**Information shown**:
· · ·
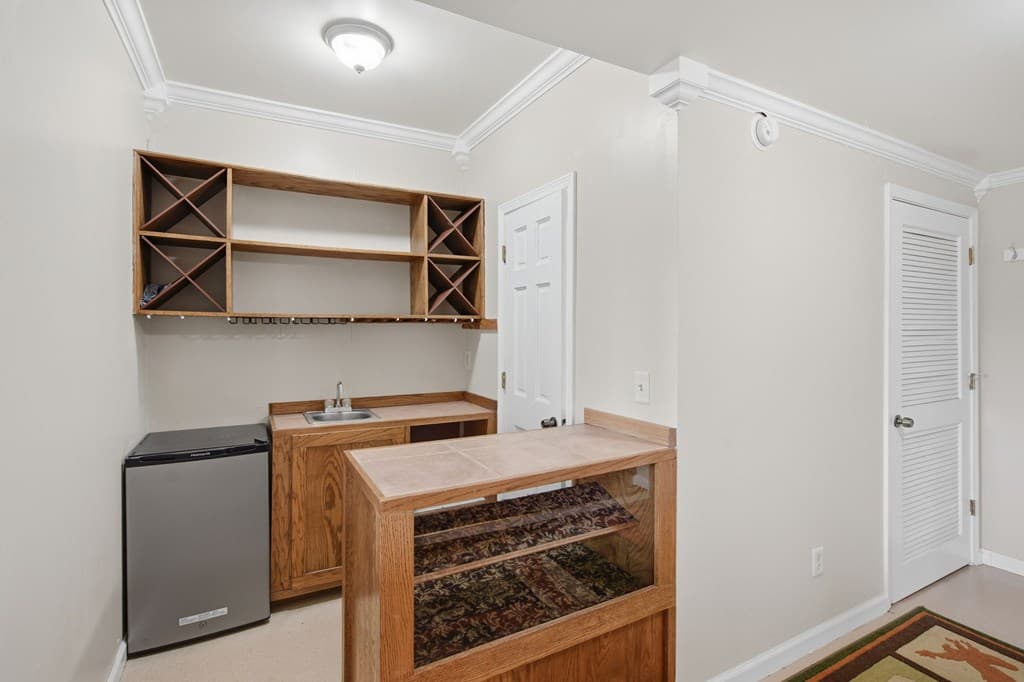 1399 Old Parker Place Road, Ellijay GA 30536 - Photo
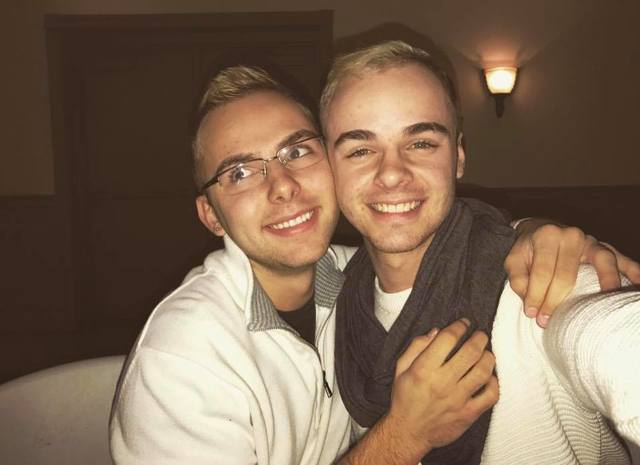 5.1b: Adult Attachment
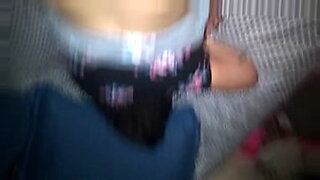 lesbian nampa pick up 6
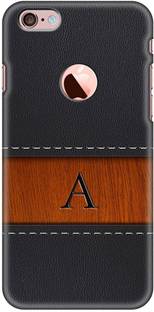 Apple Iphone 6s Plus 64 Gb Storage 0 Gb Ram Online At Best Price On Flipkart Com Apple Iphone 6s Plus 64 Gb Storage 0 Gb Ram Online At Best Price On Flipkart Com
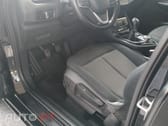 BMW 216 Gran Tourer Advantage
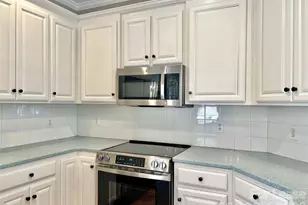 7809 Deer Trail, Waxhaw, NC 28173 - Photo 11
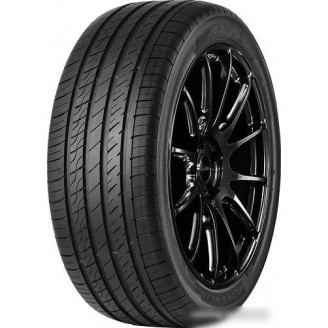 Летние шины Arivo Ultra ARZ5 205/55R19 97V XL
· · ·
**Aim of the exercise**: Only one part of the material above is wanted: the lines from the one with "5.1b: Adult Attachment" up to and including the one with "7809 Deer Trail, Waxhaw, NC 28173 - Photo 11". Please copy them exactly, pictures left out.

**Result**:
 5.1b: Adult Attachment
 lesbian nampa pick up 6
 Apple Iphone 6s Plus 64 Gb Storage 0 Gb Ram Online At Best Price On Flipkart Com Apple Iphone 6s Plus 64 Gb Storage 0 Gb Ram Online At Best Price On Flipkart Com
 BMW 216 Gran Tourer Advantage
 7809 Deer Trail, Waxhaw, NC 28173 - Photo 11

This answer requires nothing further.